The wrongful death lawsuit against XTO and Exxon Mobil in Oklahoma City federal court was settled on Thursday. But terms of the agreement in the suit brought by the widow of an oilfield worker who died while tank gauging near Ardmore in 2014 were not disclosed.
“The parties have reached a confidential settlement without XTO accepting liability or found to be liable,” stated spokesman Jeremy Eikenberry of XTO in an email to OK Energy Today.
The lawsuit went to trial this week before U.S. District Judge David Russell after Cynthia Simpson declined a settlement offer made earlier in the month. Her husband David Simpson was found collapsed and dead at a well site. The suit alleged poisonous fumes were emitted from the oil tank when Simpson opened the ‘thief hatch” and was overcome.
In his ruling on Thursday, Judge Russell said “the parties have reached a settlement and compromise.”
Simpson’s death was highlighted in a recent safety video produced by the National Institute for Occupational Safety and Health as OK Energy Today reported earlier in the week at the start of the trial.
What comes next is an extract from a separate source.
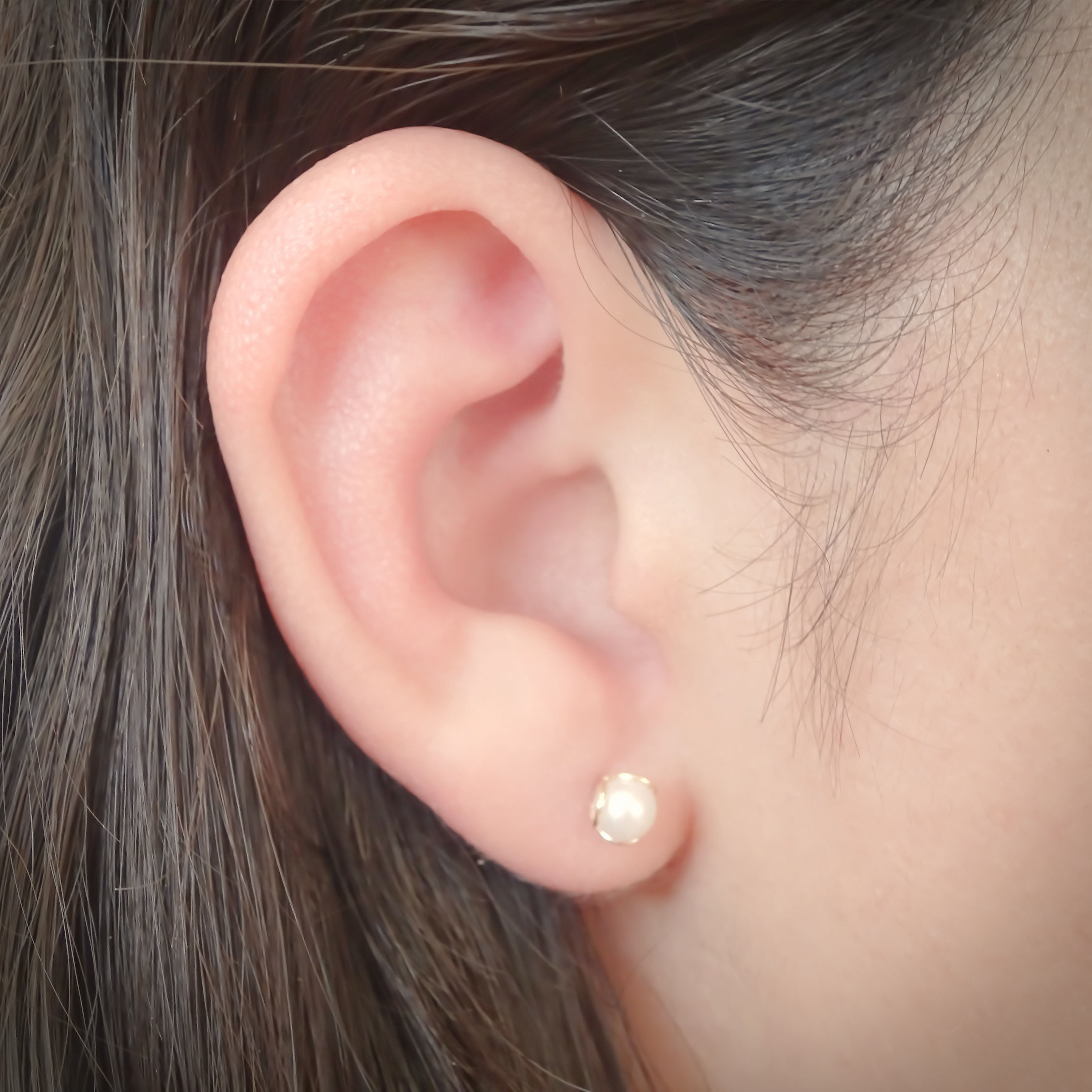 Amor Eterno - Broqueles Deluxe Perla Flor / Aretes / Oro 10k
The video maintained Simpson died from poisonous hydrogen sulfide fumes.
But XTO Energy told OK Energy Today there was no evidence to support the claim that such hazards existed at the XTO well site.
Eikenberry stated, “There is an overabundance of evidence that shows Mr. Simpson has had a long history of pre-existing conditions that put him at high risk for a heart attack.”
He also said the Centers for Disease Control “misrepresented” Simpson’s death due to H2S inhalation after reviewing an OSHA report.
“However, OSHA’s post-incident investigation found that H2S was not present in sufficient levels.”